Footprints on the cheese: a strange tale of theft from 1770
18th Century Digressions, Family History, The Swan Circle No Comments »Advert courtesy of the British Library
It was on a late winter's night in 1770, when Edward Wild a former lodger, broke into the warehouse belonging to his old landlord and stole some produce. He must have carefully considered his chances of being caught and based any decision to burgle the old man on his knowledge of the property, its layout and the family routine. He knew that the warehouse was separate from the dwelling and relied on the assumption that the family, asleep in their beds when he struck at midnight on 10th February, would not hear a thing.

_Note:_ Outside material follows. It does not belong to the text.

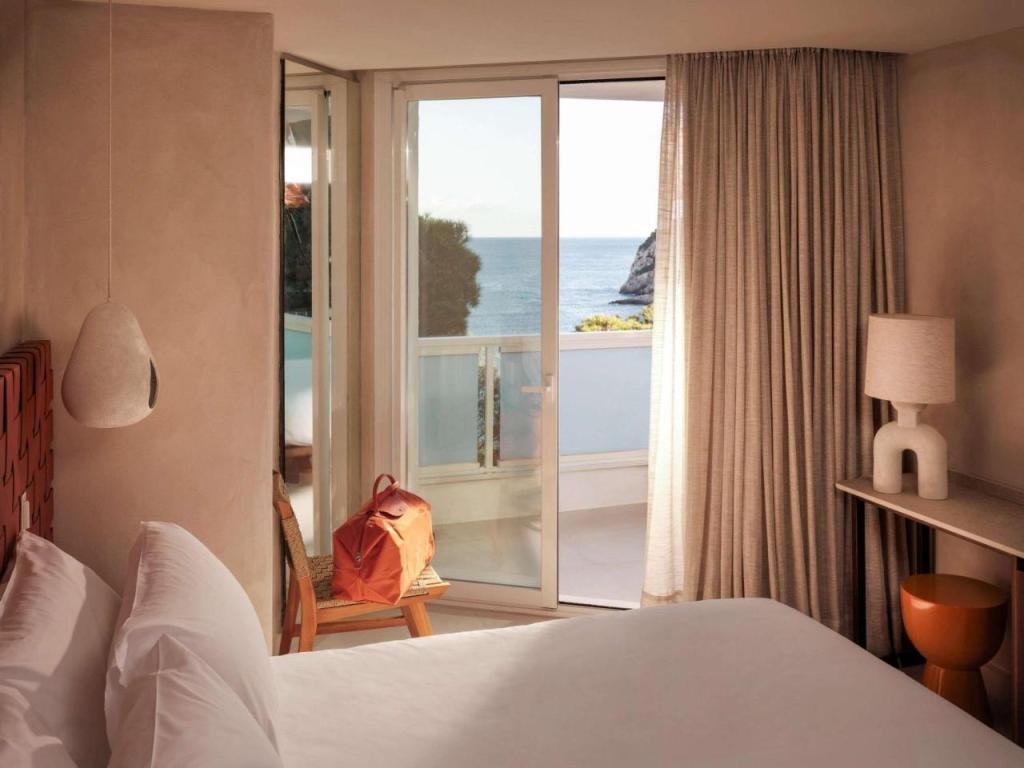 Mondrian Ibiza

But his former landlord was a canny, suspicious old devil and had kept his eye on Wild for quite awhile. The merchant's name was Francis Stevens and his was my 4x great, grandfather; he had lived through much of the 1730s through to the 1760s at Mayfair and at Piccadilly before moving to New Brentford in the late 1760s. The family house and warehouses were probably nearer to the old village of Hanwell where the family had a long association, than they were to Brentford.
Francis provided an account of the theft and its aftermath on the witness stand of the Old Bailey:
'I missed some cheeses; there being a great quantity, I cannot tell how many were missing. My servant seeing mark of feet upon some coals, told me of it I went into the cellar, and saw it myself; they led to the hole where the jack-weight went down. I went into my warehouse above, and saw marks of feet on some cheeses. The prisoner Wild had lived with me about two months, and had been gone but the Sunday before. I suspected him. I ordered the watchman, if he saw any body about there, to secure them. On the Monday, the watchman called me up before twelve at night, and told me, he had got one of them. He had got a boy. I examined him if he was not concerned with Wild? He said, No, he never was; but he had told him, he could get up a hole and get things; and he had received some nutmegs from him. Then I went with the watchman to the woman's house at the bar, where Wild lived, and called him to get up; he was some time before he did. When I charged him, he cryed, and desired to speak with me backwards. He then told me he had taken a cheese. Soon after he said he had taken two, and that they were in that house. We found one in the cellar cut in two, and about three pounds of it gone. The man of the house declared his innocence; he went up stairs to his wife. The other cheese was found in his bed-room, but I was not by at the time.'
Elizabeth Boyce, wife of the 'man of the house' was charged with receiving stolen goods, but was acquitted. Edward Wild was found guilty and sentenced to transportation, probably to either Virginia or Jamaica.
The two cheeses were valued at 10 s.